Problem details.
Each line from the start of the data below through the one containing "669-Renault /01-14 Multi-Use" must be reproduced exactly.

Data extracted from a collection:
<<<<

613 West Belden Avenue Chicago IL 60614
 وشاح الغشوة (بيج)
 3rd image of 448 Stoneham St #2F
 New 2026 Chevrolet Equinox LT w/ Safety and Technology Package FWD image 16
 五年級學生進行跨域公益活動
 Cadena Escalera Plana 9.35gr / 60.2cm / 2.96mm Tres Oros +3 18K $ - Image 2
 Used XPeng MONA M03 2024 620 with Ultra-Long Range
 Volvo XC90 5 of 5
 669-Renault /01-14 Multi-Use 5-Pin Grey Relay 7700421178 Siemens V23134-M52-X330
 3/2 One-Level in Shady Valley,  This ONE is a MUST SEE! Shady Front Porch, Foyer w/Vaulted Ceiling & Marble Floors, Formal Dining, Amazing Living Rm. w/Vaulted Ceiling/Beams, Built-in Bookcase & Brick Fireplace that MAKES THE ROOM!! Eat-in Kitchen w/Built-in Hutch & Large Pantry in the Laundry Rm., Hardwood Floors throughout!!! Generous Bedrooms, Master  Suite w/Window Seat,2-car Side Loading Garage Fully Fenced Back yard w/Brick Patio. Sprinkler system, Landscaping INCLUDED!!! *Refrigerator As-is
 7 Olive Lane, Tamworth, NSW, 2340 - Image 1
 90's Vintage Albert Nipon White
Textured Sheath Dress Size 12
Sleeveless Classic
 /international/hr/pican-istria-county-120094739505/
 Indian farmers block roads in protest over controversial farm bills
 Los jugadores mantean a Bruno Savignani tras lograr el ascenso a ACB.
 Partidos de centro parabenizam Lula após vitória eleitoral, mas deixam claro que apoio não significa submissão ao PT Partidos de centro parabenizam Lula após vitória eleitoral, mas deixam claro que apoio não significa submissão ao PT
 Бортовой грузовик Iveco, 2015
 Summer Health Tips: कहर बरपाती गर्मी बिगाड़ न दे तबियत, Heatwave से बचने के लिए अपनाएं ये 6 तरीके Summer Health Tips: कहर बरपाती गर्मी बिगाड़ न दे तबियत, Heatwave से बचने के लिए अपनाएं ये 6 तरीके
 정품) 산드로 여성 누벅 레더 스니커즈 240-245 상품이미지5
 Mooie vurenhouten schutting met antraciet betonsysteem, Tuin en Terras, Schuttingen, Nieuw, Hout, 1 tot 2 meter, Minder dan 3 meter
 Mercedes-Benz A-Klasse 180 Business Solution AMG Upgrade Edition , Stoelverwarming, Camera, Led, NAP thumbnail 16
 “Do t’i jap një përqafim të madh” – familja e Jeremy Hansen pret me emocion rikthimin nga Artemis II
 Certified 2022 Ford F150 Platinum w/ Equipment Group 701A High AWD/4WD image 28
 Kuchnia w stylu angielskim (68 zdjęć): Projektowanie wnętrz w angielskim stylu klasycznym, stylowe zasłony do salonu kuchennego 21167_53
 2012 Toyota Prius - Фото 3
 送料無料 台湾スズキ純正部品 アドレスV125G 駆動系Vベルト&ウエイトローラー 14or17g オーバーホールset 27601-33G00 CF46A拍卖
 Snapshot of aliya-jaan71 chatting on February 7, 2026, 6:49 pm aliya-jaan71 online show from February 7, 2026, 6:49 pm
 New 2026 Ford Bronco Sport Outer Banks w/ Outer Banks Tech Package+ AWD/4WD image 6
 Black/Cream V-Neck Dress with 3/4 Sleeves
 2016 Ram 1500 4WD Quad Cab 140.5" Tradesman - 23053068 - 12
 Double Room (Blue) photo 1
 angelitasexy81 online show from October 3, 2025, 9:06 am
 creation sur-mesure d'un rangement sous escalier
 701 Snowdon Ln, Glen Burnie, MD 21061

>>>>

Answer to this exercise.
613 West Belden Avenue Chicago IL 60614
 وشاح الغشوة (بيج)
 3rd image of 448 Stoneham St #2F
 New 2026 Chevrolet Equinox LT w/ Safety and Technology Package FWD image 16
 五年級學生進行跨域公益活動
 Cadena Escalera Plana 9.35gr / 60.2cm / 2.96mm Tres Oros +3 18K $ - Image 2
 Used XPeng MONA M03 2024 620 with Ultra-Long Range
 Volvo XC90 5 of 5
 669-Renault /01-14 Multi-Use 5-Pin Grey Relay 7700421178 Siemens V23134-M52-X330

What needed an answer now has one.